The paper is also publishing materials from the Little Tokyo Service Center on local small business collaborations or how seniors can get meals through a community program. And obituaries, long Rafu’s most read items, have been becoming longer and more poignant as readers cannot have services for loved ones in person.
Among the biggest challenges facing Rafu is securing an audience that can sustain it in a community with low levels of immigration compared with other Asian communities. There are currently around 40,000 Japanese immigrants living in Los Angeles and 360,000 in the U.S. as a whole. Most other Japanese-American print media, including all of Rafu’s local competitors, have ceased publication.
In 2016, the paid print circulation of the family-owned daily had dropped to 7,800 from a peak of 23,000 in the late 1980s. The eNewspaper subscription drive saved the paper, bringing in tens of thousands of dollars and a new way to connect to readers. “If we didn’t have the online subscription program, we would not have survived,” said Michael Komai, publisher and president.
While many mainstream papers have a digital subscription program, this is rare among community newspapers, many of which give away for free not only their digital content but also the print copy.

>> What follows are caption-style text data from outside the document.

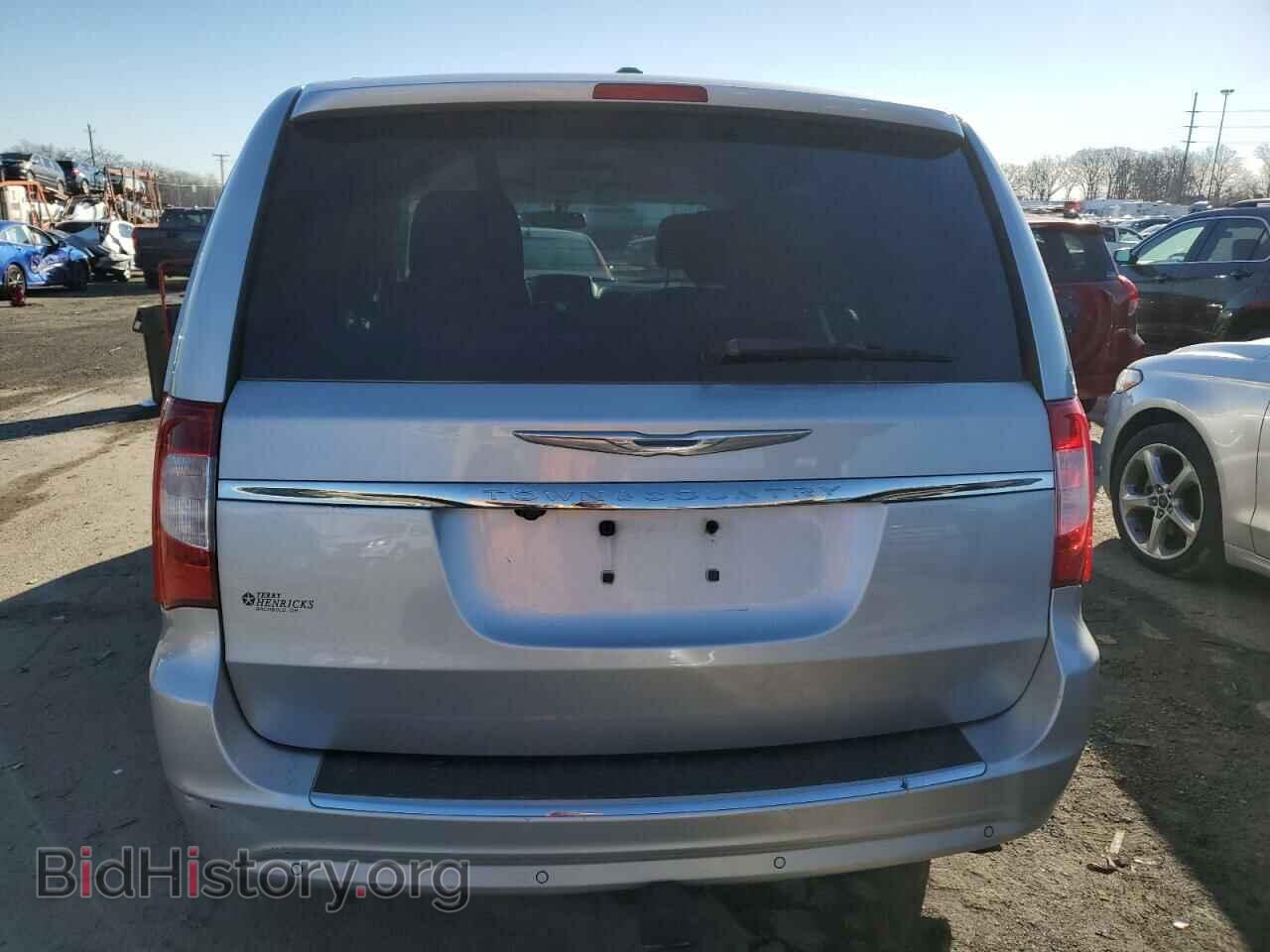 2011 CHRYSLER MINIVAN - VIN: 2A4RR8DG5BR676059 - Фото 6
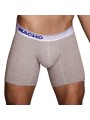 Macho Mc087 Bóxer Largo Gris - Comprar Bóxer sexy Macho Underwear - Bóxers sexys (2)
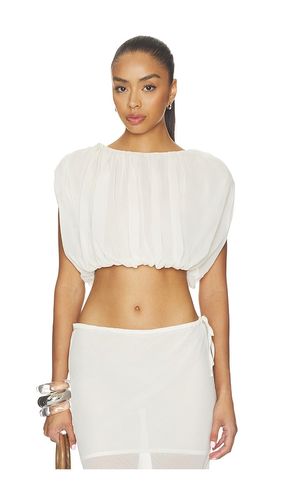 Mara Gathered Top en . Taille L. Also en XXL - SNDYS - Modalova
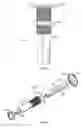 Fig. 06 - Flat Spiral Antenna for Utility Meter Reporting Systems and Other Applications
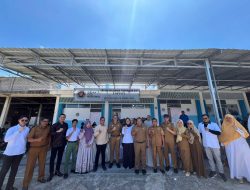 Penyerahan Perdana Makan Bergizi Gratis di SMP Negeri 2 Gunung Talang, Wujud Nyata Kepedulian untuk Generasi Sehat dan Cerdas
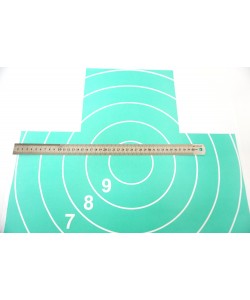 Мишень Remington №4, грудная фигура (500x500 мм) 10 штук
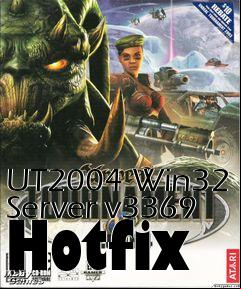 Box art for UT2004 Win32 Server v3369 Hotfix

Rafu charged $50 a year for a digital version of the newspaper that was more complete than the version published daily on the website, but in the end only gained 1,800 new subscribers and an additional $75,000 in revenue.
After the 2016 subscription drive, digital advertising became the third source of revenue after circulation and paid advertising which helped sustain them until this year. “The third week of March looked like a giant sinkhole,” Komai said. So far, the managers have not furloughed staff, though. They received government small business protection funding and, for the first time, grants from Facebook and Solutions Journalism. “I’m getting the sense that they recognize, finally, that ethnic media is important,” Muranaka said of grant-making organizations. “It’s not just about The New York Times. It’s us little guys, and we’re hurting.”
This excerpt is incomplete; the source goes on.